Children & young adult books highlights for June

We loved Gus Gordon’s Herman and Rosie and this month he’s teamed up with Jill Esbaum for a new picture book: I Am Cow, Hear Me Moo! Esbaum uses lively rhyme to tell a ‘power of positive thinking’ yarn about Nadine, a cow, whose bravery rests on the philosophy that if she says she’s brave out loud, and if other people believe she’s brave, then she is - no matter what fears might lurk underneath. Gus Gordon’s fun illustrations work intimately with the text to create that ideal balance.

The illustrations are king in Elise Hurst’s Imagine a City, which uses highly detailed pen and ink throughout to create lots of familiar scenes with very unexpected features. This is food for the imagination and such a visual treat, with a very simple sort of lullaby running all the way through. Perhaps it’s like an older children’s version of Kissed by the Moon by Alison Lester. Another beautifully simple lullaby picture book to check out is May The Stars Drip Down.
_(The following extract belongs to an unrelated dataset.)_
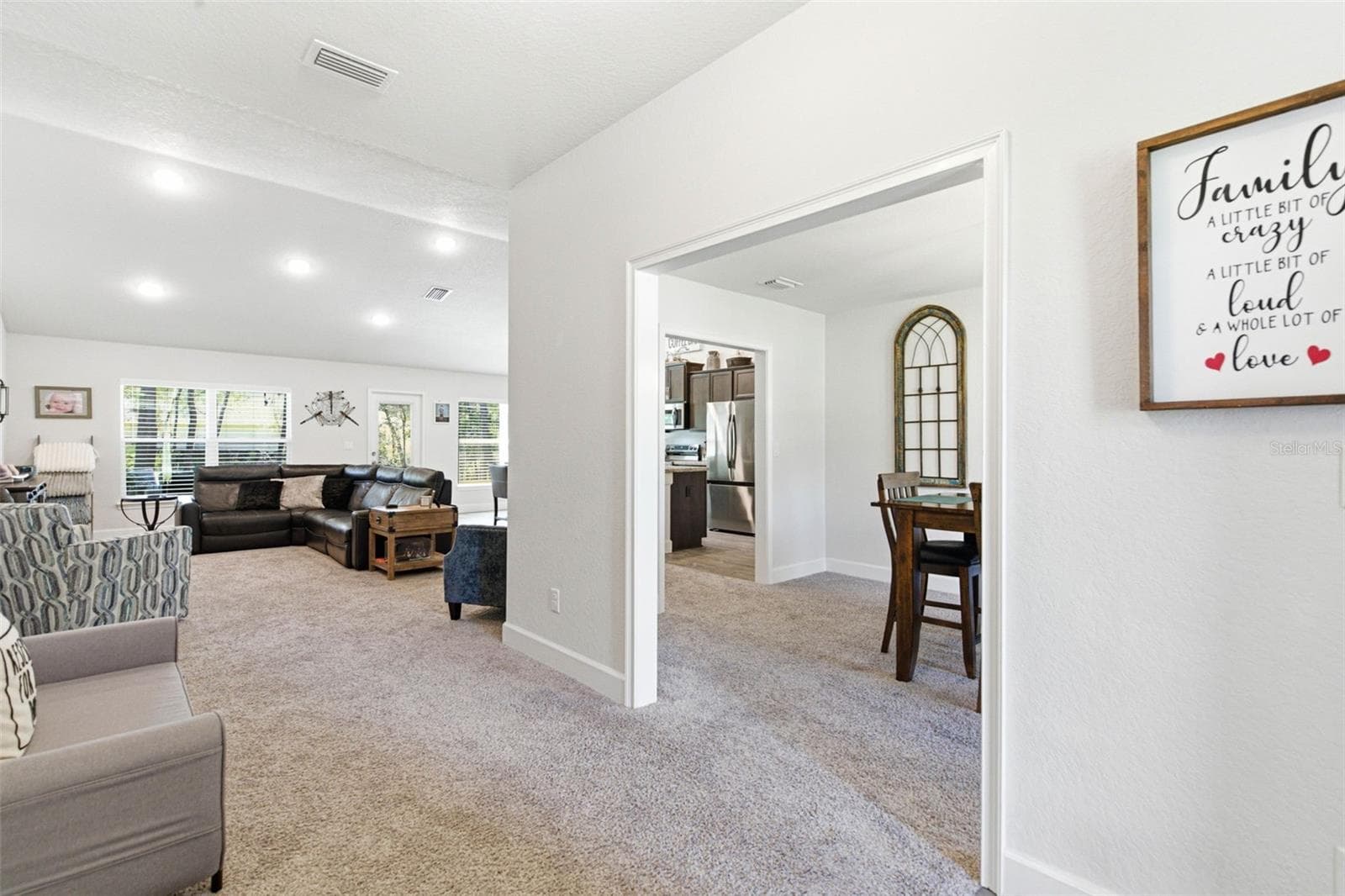 Single Family Residence at 47 VILLAGE CENTER DR, HOMOSASSA, photo 9 of 52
The latest addition to the non-fiction picture book Meet… series is Meet Douglas Mawson. Each book in the series uses a different author/illustrator team to provide an introduction to figures who’ve made an extraordinary impact on Australian life. These are great for school or home.

A real treat for slightly older readers is Jim’s Lion by Russell Hoban, illustrated by Alexis Deacon. This story of using visualisation to confront your deepest fears is very powerful and has a classic, universal feel to it. Readers from around 8 will get something out of it as will adults; it’s a beautiful object.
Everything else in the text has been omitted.